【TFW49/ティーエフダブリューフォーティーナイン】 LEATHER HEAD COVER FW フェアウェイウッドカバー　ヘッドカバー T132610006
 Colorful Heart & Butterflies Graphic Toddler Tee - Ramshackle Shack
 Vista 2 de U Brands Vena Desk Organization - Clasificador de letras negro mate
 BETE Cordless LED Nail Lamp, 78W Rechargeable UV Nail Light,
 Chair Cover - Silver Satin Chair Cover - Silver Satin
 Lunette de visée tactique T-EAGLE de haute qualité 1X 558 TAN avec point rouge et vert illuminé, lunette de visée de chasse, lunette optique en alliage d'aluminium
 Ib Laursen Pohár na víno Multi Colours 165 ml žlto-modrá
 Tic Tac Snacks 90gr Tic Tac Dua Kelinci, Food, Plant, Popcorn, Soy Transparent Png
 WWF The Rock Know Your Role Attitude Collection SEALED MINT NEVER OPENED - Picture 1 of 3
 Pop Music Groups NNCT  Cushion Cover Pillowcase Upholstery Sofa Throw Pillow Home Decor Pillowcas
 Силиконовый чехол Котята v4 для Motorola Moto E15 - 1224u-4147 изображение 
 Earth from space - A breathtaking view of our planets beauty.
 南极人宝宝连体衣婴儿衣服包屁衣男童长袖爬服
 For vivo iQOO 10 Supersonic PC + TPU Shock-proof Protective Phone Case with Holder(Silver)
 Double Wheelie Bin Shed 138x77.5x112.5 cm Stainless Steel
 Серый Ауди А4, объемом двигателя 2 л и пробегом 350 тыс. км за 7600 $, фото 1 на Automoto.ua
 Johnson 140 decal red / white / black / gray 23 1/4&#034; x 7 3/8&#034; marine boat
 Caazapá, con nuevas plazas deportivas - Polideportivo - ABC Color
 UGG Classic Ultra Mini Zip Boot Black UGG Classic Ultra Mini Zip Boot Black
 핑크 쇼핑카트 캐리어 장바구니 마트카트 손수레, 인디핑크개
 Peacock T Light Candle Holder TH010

=====

Starting at the first line and ending at the last, restate the material word for word.

ANSWER FOR THIS EXERCISE =
【TFW49/ティーエフダブリューフォーティーナイン】 LEATHER HEAD COVER FW フェアウェイウッドカバー　ヘッドカバー T132610006
 Colorful Heart & Butterflies Graphic Toddler Tee - Ramshackle Shack
 Vista 2 de U Brands Vena Desk Organization - Clasificador de letras negro mate
 BETE Cordless LED Nail Lamp, 78W Rechargeable UV Nail Light,
 Chair Cover - Silver Satin Chair Cover - Silver Satin
 Lunette de visée tactique T-EAGLE de haute qualité 1X 558 TAN avec point rouge et vert illuminé, lunette de visée de chasse, lunette optique en alliage d'aluminium
 Ib Laursen Pohár na víno Multi Colours 165 ml žlto-modrá
 Tic Tac Snacks 90gr Tic Tac Dua Kelinci, Food, Plant, Popcorn, Soy Transparent Png
 WWF The Rock Know Your Role Attitude Collection SEALED MINT NEVER OPENED - Picture 1 of 3
 Pop Music Groups NNCT  Cushion Cover Pillowcase Upholstery Sofa Throw Pillow Home Decor Pillowcas
 Силиконовый чехол Котята v4 для Motorola Moto E15 - 1224u-4147 изображение 
 Earth from space - A breathtaking view of our planets beauty.
 南极人宝宝连体衣婴儿衣服包屁衣男童长袖爬服
 For vivo iQOO 10 Supersonic PC + TPU Shock-proof Protective Phone Case with Holder(Silver)
 Double Wheelie Bin Shed 138x77.5x112.5 cm Stainless Steel
 Серый Ауди А4, объемом двигателя 2 л и пробегом 350 тыс. км за 7600 $, фото 1 на Automoto.ua
 Johnson 140 decal red / white / black / gray 23 1/4&#034; x 7 3/8&#034; marine boat
 Caazapá, con nuevas plazas deportivas - Polideportivo - ABC Color
 UGG Classic Ultra Mini Zip Boot Black UGG Classic Ultra Mini Zip Boot Black
 핑크 쇼핑카트 캐리어 장바구니 마트카트 손수레, 인디핑크개
 Peacock T Light Candle Holder TH010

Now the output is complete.